Dados de hoje *12.2ºC* / *20.5ºC*


----------



## ALBIMETEO (21 Out 2013 às 12:24)

Bom dia.

Afinal já choveu qualquer coisita agora pela manhã,não vi...só ouvi cair,não me apeteceu levantar-me ,estava-se melhor onde estava ,lá fora muitas nuvens e sol,por vezes ,com 17.2ºC.


----------



## panda (21 Out 2013 às 13:42)

Boas tardes 
Céu nublado 
Temperatura actual *15.7ºC*
 acumulada *2.2mm*


----------



## Z13 (21 Out 2013 às 14:13)

Por Bragança o dia é invernal mas com pouca precipitação, por agora!

Mínima de 12,5ºC.

Por agora *15,9ºC*.

Aguardemos pelo inicio da noite para vermos animação!


----------



## ALBIMETEO (21 Out 2013 às 14:42)

Boas,muitas nuvens e o vento a começar açelarar  ,com 19.1ºC.


----------



## joselamego (21 Out 2013 às 15:40)

*Re: Seguimento Interior Norte e Centro - Setembro 2013*

Boas tardes a todos....
Mais um evento se aproxima. Poderá cair em 12 horas cerca de 35 ml
vamos ver o que este evento vai dar..
Por Lamego dia muito nublado, a chuva deverá começar a cair para o fim do dia...
Temperatura atual - 17


----------



## ALBIMETEO (21 Out 2013 às 18:41)

Boas,depois uma tarde de muitas nuvens e sem ...a primeira abrisse agora  com alguns aguaceiros,com 18.3ºC.
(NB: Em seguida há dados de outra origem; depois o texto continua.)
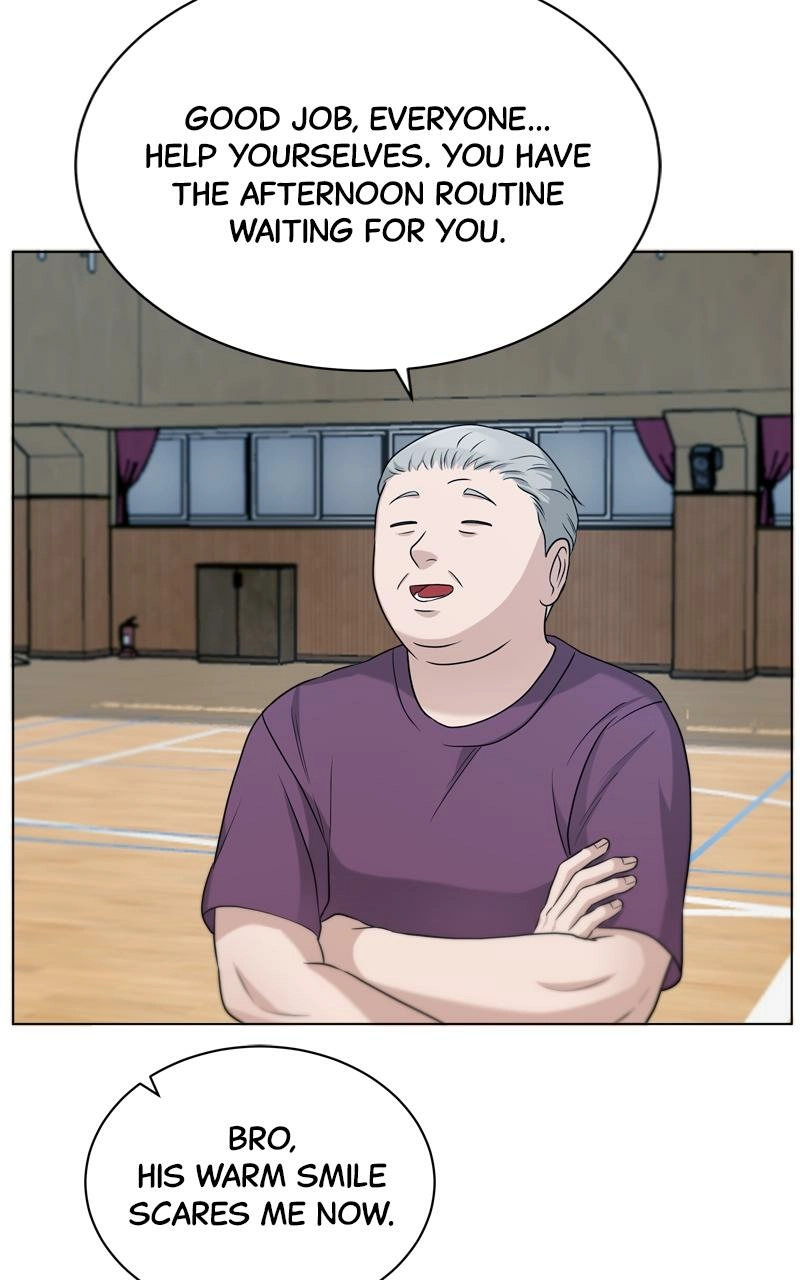 Read Bigman chapter 74 image 87 on Lezhin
Dados de hoje 14.4ºC / 19.9ºC.


----------



## ricardop120 (21 Out 2013 às 19:53)

boas

por aqui o dia foi de céu geralmente encoberto, com o sol a espreitar de vez em quando. 
choveu um bocado entre as 16.30h ás 17.00h ate agora ainda não choveu. 
o vento soprou fraco durante a tarde, mas e uma coisa temporária pois vai e vem.

temperaturas: 

15.2ºC minima
21.9ºC máxima

atualmente esta tudo calmo, céu encoberto, agora sem vento e sigo com 18.3ºC

vamos la ver o que vai acontecer nas próximas horas, não acredito em nada extremo mas vamos la ver


----------



## Norther (21 Out 2013 às 20:52)

Boas noites estão 16.9ºC com céu muito nublado
vento fraco 2.7km/h do quadrante Sul 
52% HR
1012 hpa


----------



## ALBIMETEO (21 Out 2013 às 21:50)

Boas,tudo calmo com o céu muito nublado,com 17.9ºC.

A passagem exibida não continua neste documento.